Arroz integral (Brown Rice)
Brown rice – short, medium or long grain (or jasmine or basmati) Water – almost twice as much as the amount of rice you’re preparing. (For example, if you’re making 1 cup of rice, you’ll need about 1 1/2 – 1 3/4 cups of water, a bit more for short grain rice. Olive or vegetable oil, enough to cover the bottom of the saucepan Salt to taste
Heat oil on medium-high heat in saucepan and add rice. Cook, stirring often, for a few minutes until rice is lightly toasted and begins to release a popcorn-like aroma. Lower heat and add water, being careful to keep your body parts out of the way of the steam that will arise as soon as the water hits the hot pan! Add salt to taste (I use about 1/2 tsp. per cup of rice), put heat on low, cover and simmer until water is absorbed – with 1 cup of rice, this will take around 20-25 minutes, more for more rice.
6. El tamal
“It began long ago in Mexico with a cornhusk or a plantain leaf. It occurred to someone to wet it, fill it with masa, and stick it in the fire.”
While there are hundreds of varieties of tamales, I still haven’t tried any more delicious than those that are ubiquitous in New Mexico.
Tamales de puerco (Pork Tamales, New Mexico-style)
5 lb. bag of prepared cornmeal masa flour (I like Masa Brosa)
1 lb. shortening or lard
pork broth from filling preparation
4 lbs. pork shoulder
6 cups water
2 cups chile colorado sauce
3 onions, finely chopped
6 cloves garlic, minced
oregano, cumin and salt to taste
olive or vegetable oil
PREPARING THE FILLING:
Boil pork in water until tender. Remove from broth, saving the broth. Separate meat fibers with a fork and chop into small pieces. In a large saucepan, sauté onions until slightly caramelized, add garlic and cook for about a minute more, then add chile, pork, spices and salt. Cook until it’s just dry enough not to be runny.
MAKING THE TAMALES: Rinse the cornhusks and soak in water until pliable. Spread the center of each cornhusk with 2 Tbsp. of the masa mixture, leaving a little well in the middle (if the cornhusks are small, you may need to use 2 per tamal, overlapping them in the middle). Top the masa with the filling, then fold the sides of the cornhusk in toward the center, fold the top up and the bottom down, and tie with a thin strip of cornhusk (you may need to tie two strips together.

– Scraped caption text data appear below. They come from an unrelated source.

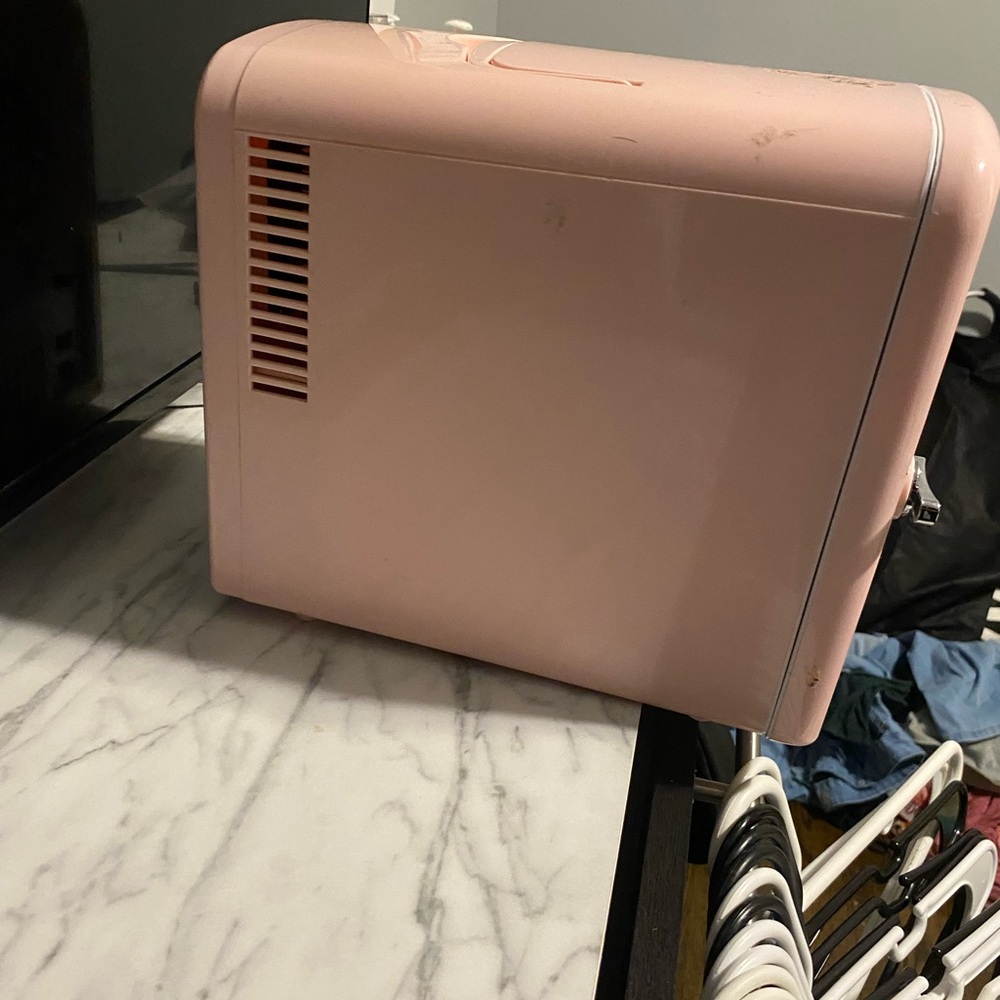 Pink Retro Mini Fridge - Picture 8 of 8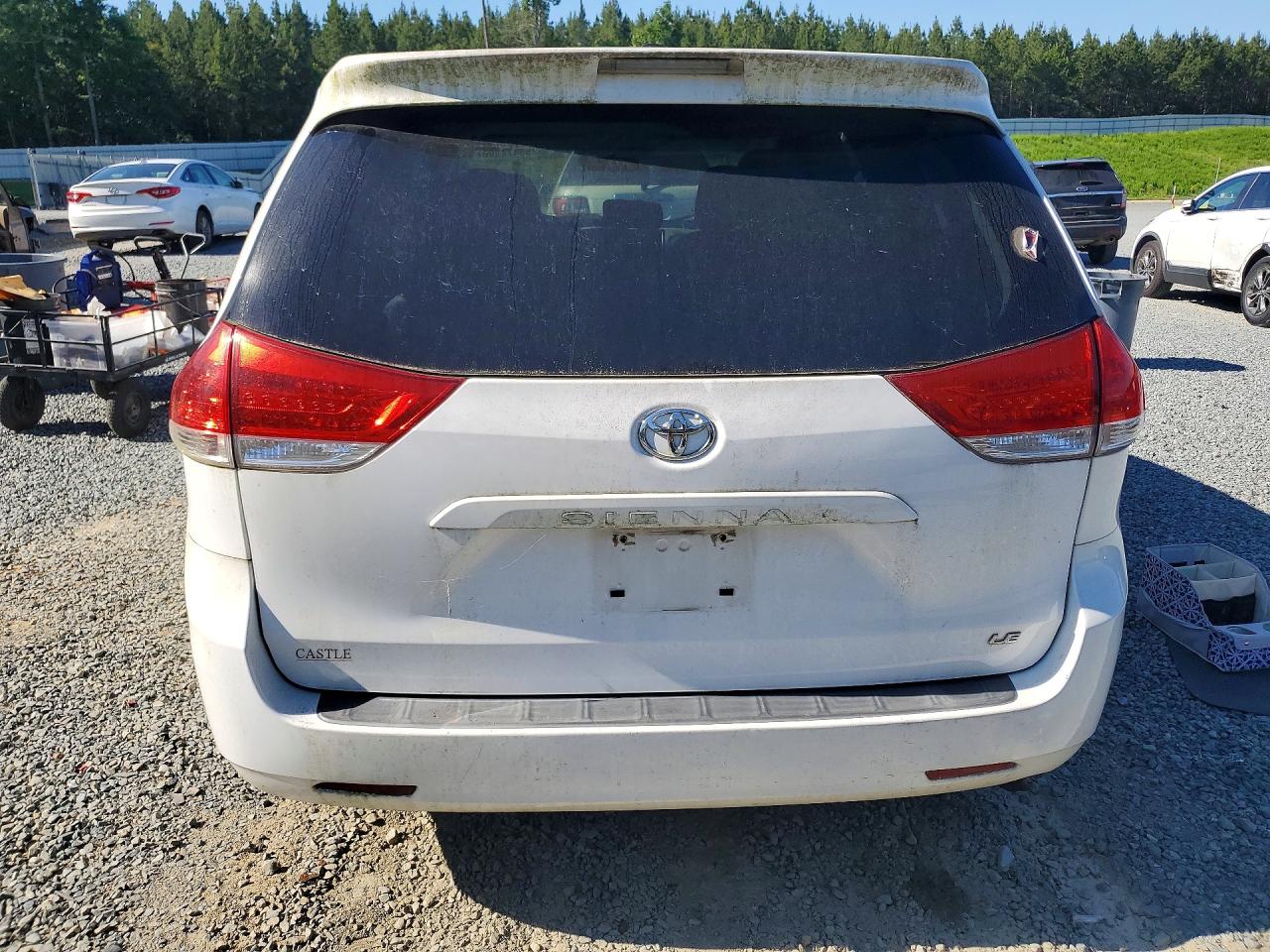 Toyota Sienna Le 8-passenger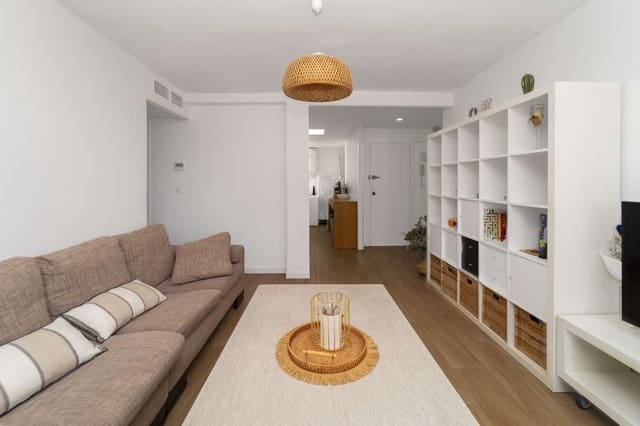 3 bedroom Apartment for sale in Playa de Muchavista, El Campello with pool - € 420,000 (Ref: 9726167)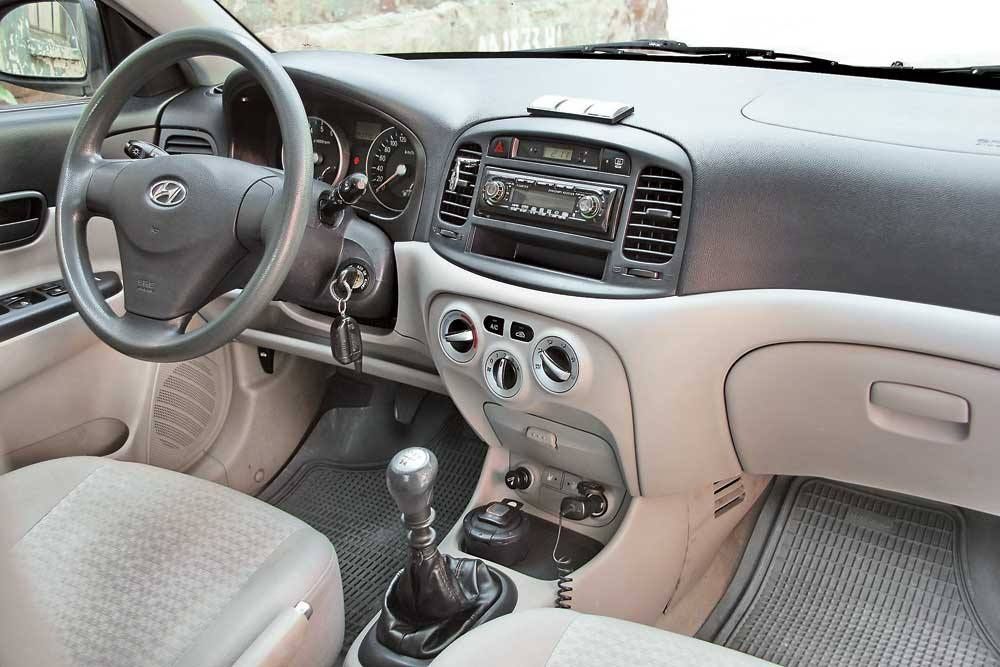 Розборка, шрот,оригінальні вживані запчастини Hyundai Accent 2006-2010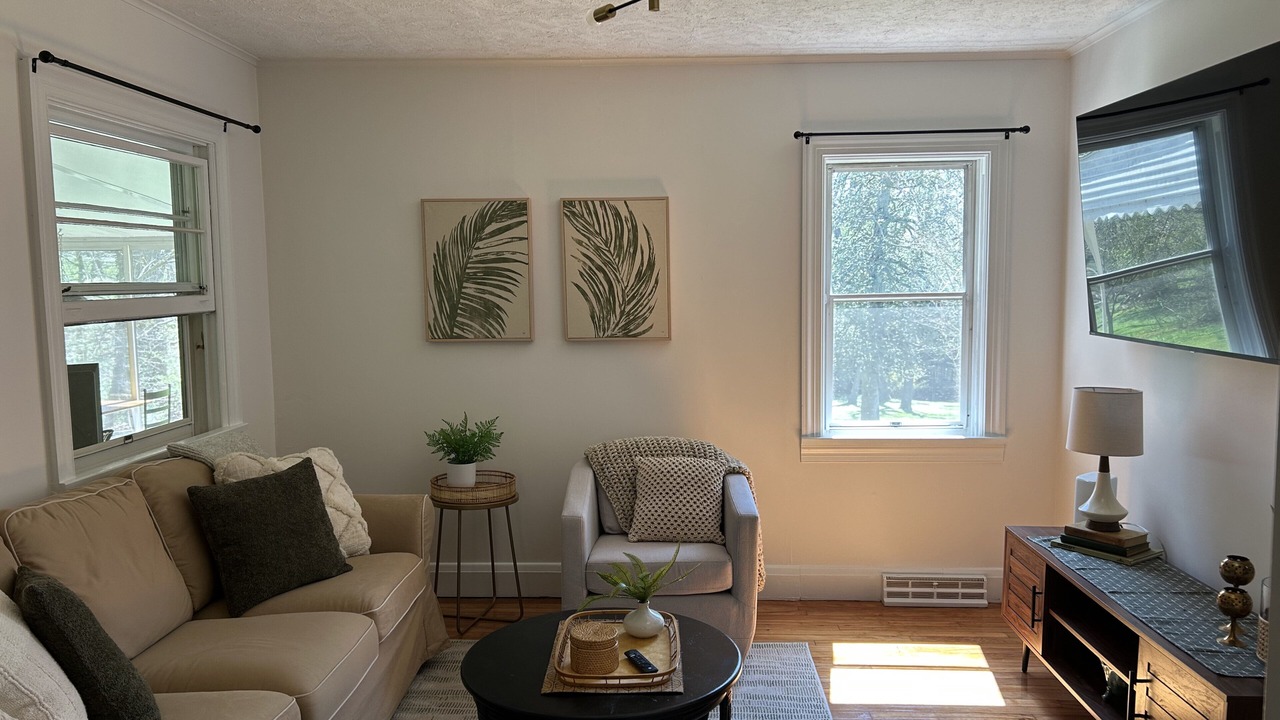 Photo of Livingroom in Long Green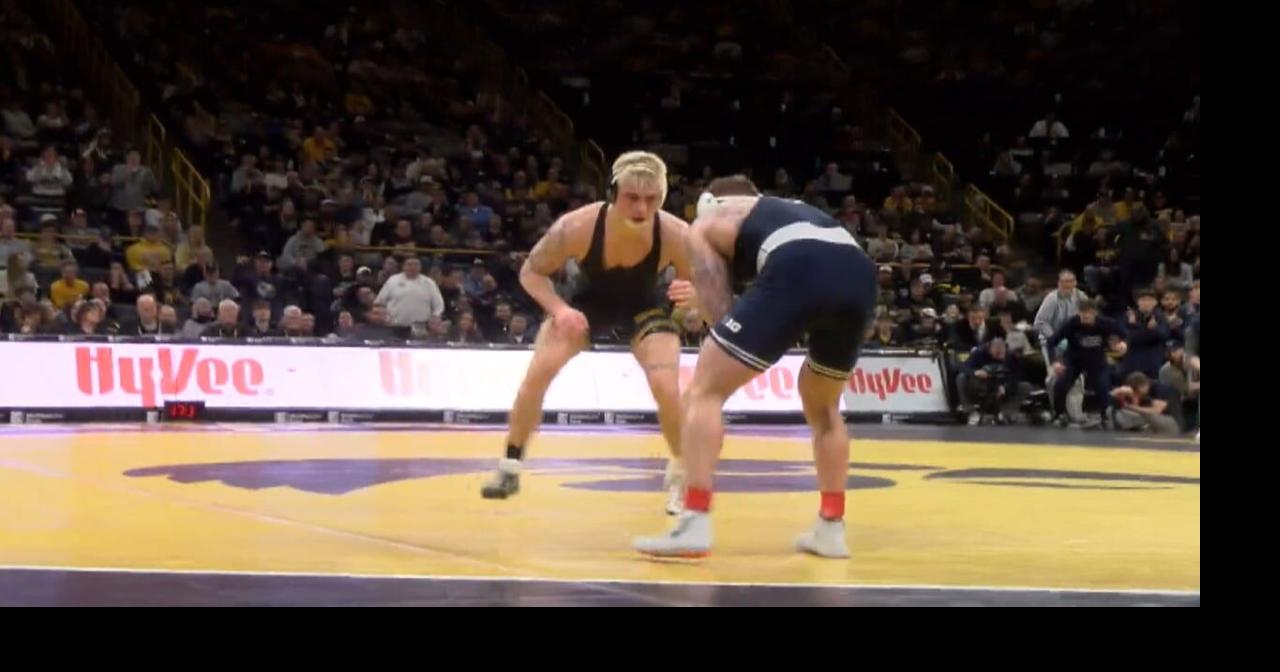 Top ranked Penn State dominates #4 Iowa 32-3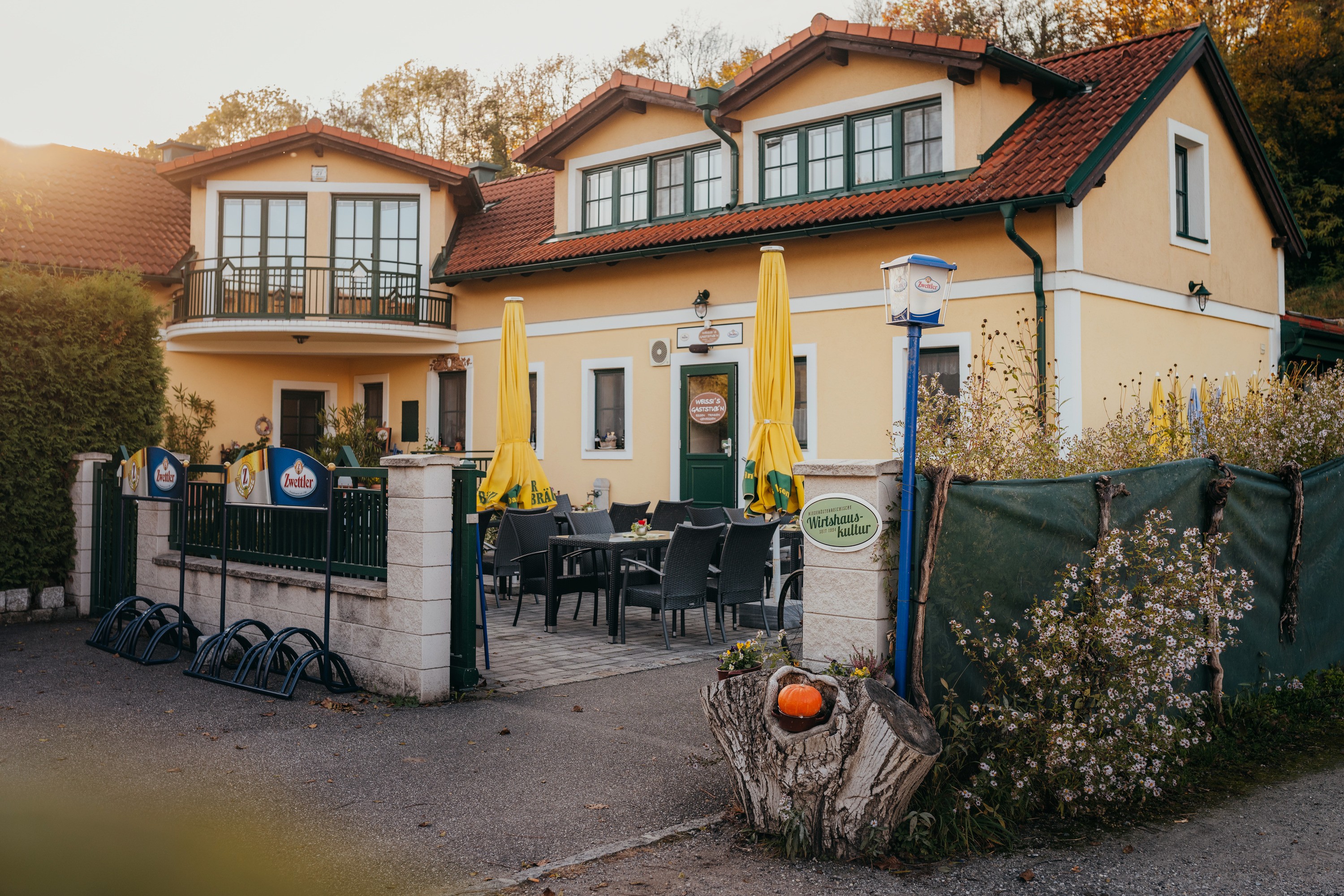 Direkt am Donauradweg gelegen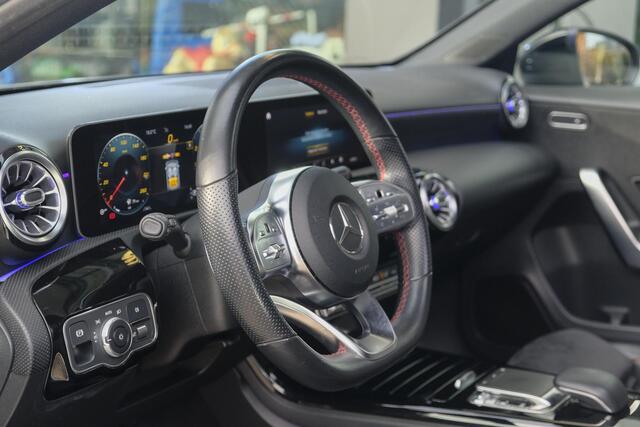 Mercedes-Benz A-KLASSE A220 AMG 190pk Panoramadak Widescreen Night pakket 19" LMV Sfeerverlichting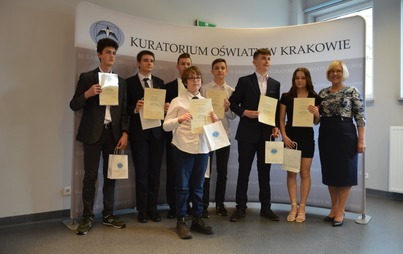 Zdjęcie do Uczniowie z kęckiej &bdquo;Dw&oacute;jki&quot; w gronie finalist&oacute;w i laureat&oacute;w konkurs&oacute;w kuratoryjnych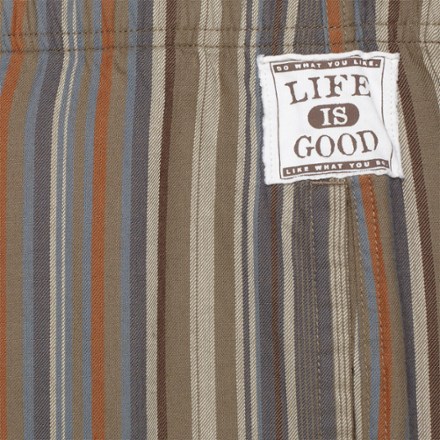 Graphics Detail (Bark Brown)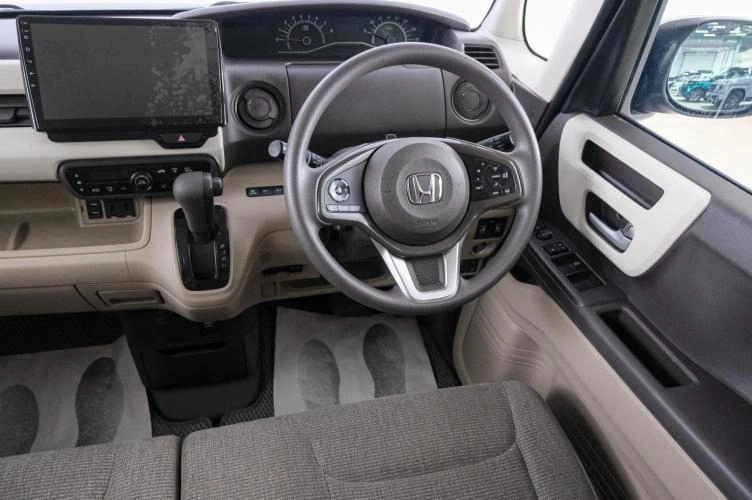 Honda N-BOX 9 из 22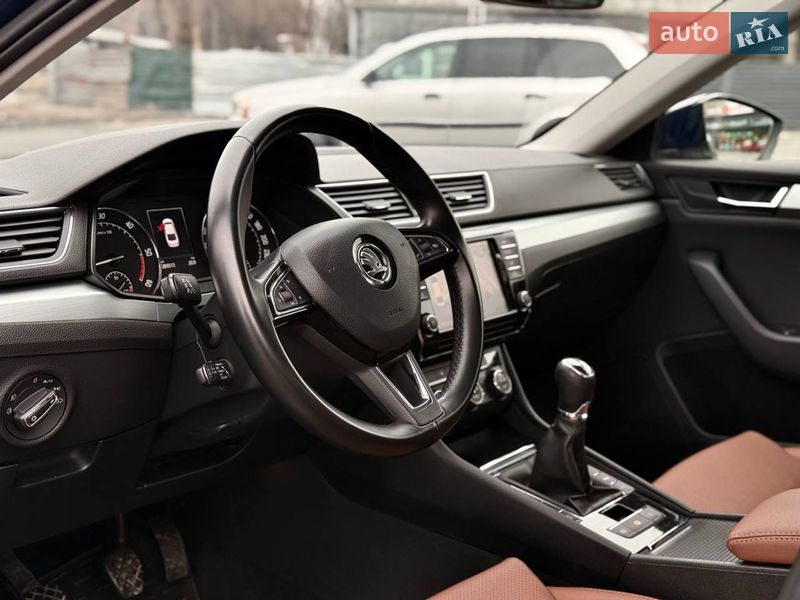 Лифтбек Skoda Superb 2015 в Кривом Роге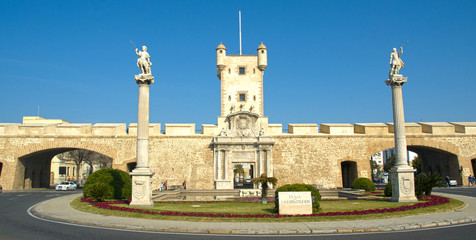 Puertad de Tierra,Cádiz,Andaluicía,España © full image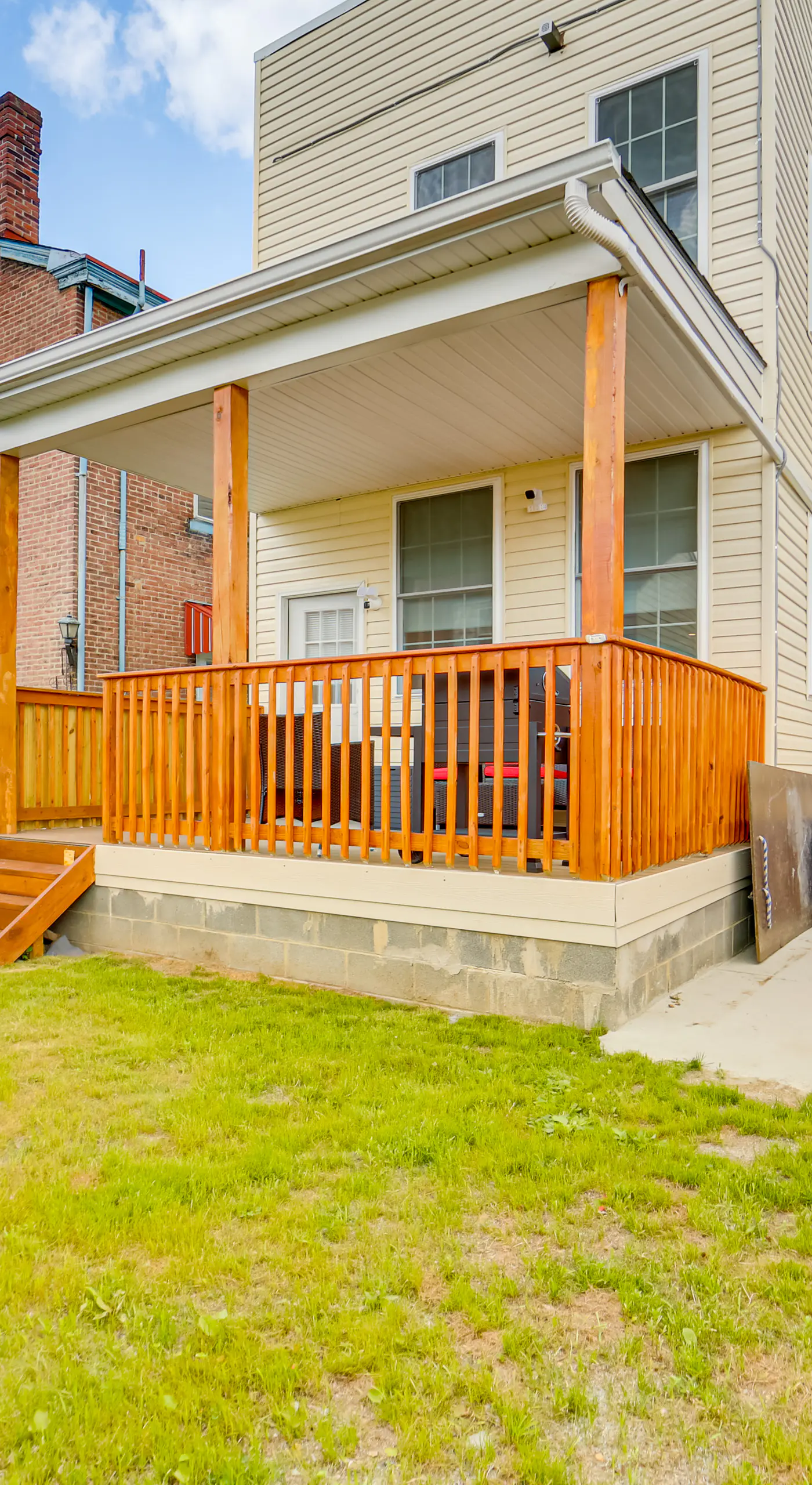 Pittsburgh Home w/ Skyline Views: Walk to Stadium!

You can freeze any tamales you’re not going to eat right away. To prepare the tamales for eating, place on a steamer rack in a large pot and steam for approximately 40 minutes.
“Oh! Chocolate, elixir of the Aztecs,
somewhat sweet, somewhat bitter,
black and with intense flavor.”
A quick, easy and delicious Latin take on s’mores.
Good dark chocolate
Dulce de leche
Divide graham crackers into squares spread some dulce de leche on each square and place a piece of dark chocolate in the middle. Arrange on a metal tray and put under broiler or in a toaster oven on broil. KEEP AN EYE ON THEM! Depending on the intensity of the heat, they should be ready in a minute or so. Remove them from the heat just as the edges of the chocolate begin to soften, but before the chocolate becomes a puddle! Serve hot.